Correspondance de Voltaire/1770/Lettre 8140

Correspondance : année 1770GarnierŒuvres complètes de Voltaire, tome 47 (p. 300-301).
8140. — À M. FABRY.
22 décembre.

Monsieur, je me félicite bien de m’être rencontré avec vous : je vous avoue que j’avais écrit quatre lettres consécutives, et que j’avais toujours représenté que nous n’avions pas de quoi nourrir des troupes.

Votre approvisionnement fera grand bien ; les blés que le roi de Sardaigne accorde reviennent encore aux Genevois à un prix plus cher qu’on ne l’achète au marché de Gex, à cause de l’extrême rareté des voitures.

Nous serons probablement obligés de nous fournir à Lyon ou à Marseille pour le printemps. Dieu veuille que les pluies et les débordements ne désolent point les provinces voisines ! Tout est à craindre.

Les querelles du parlement de Paris ne feront jamais croître un épi de blé ; si nous n’avons point de guerre, nous en aurons l’obligation à M. le duc de Choiseul, qui fait tout le bien qu’il peut, et que je regarde comme le premier homme de l’Europe.

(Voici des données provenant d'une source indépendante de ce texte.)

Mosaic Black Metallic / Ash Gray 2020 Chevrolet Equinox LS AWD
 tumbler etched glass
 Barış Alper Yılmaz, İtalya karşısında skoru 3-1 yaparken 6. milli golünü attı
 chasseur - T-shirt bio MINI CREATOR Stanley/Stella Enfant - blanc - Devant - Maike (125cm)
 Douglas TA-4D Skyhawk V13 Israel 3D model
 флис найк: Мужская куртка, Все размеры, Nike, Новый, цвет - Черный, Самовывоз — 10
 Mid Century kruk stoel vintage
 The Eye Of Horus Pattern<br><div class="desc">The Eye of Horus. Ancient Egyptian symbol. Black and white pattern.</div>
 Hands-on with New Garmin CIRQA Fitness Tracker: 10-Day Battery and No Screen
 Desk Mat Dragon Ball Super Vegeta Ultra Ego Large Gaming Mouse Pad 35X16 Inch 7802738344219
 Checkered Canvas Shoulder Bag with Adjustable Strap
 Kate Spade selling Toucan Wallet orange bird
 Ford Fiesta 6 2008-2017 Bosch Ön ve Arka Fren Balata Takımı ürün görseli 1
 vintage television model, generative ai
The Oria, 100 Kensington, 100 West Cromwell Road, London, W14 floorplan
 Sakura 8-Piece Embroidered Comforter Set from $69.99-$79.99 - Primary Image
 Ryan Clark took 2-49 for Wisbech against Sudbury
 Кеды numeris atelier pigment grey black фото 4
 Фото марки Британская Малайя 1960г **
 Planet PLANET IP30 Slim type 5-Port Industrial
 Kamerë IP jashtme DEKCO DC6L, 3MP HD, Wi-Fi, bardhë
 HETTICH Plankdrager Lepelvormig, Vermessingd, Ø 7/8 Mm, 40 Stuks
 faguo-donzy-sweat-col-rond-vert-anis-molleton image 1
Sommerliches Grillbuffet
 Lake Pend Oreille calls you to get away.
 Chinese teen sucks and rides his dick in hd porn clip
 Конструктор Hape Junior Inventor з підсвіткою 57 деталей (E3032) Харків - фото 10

Il n’est que trop vrai, monsieur, que les circonstances présentes ne sont pas plus favorables à l’édit de Versoy que les débordements ne sont favorables aux biens de la terre. C’est bien dommage, l’entreprise était belle ; mais la cire verte enlacée de soie rouge et verte ne s’échauffe pas aisément pendant les pluies continuelles.

J’ai l’honneur d’être, etc.

Voltaire.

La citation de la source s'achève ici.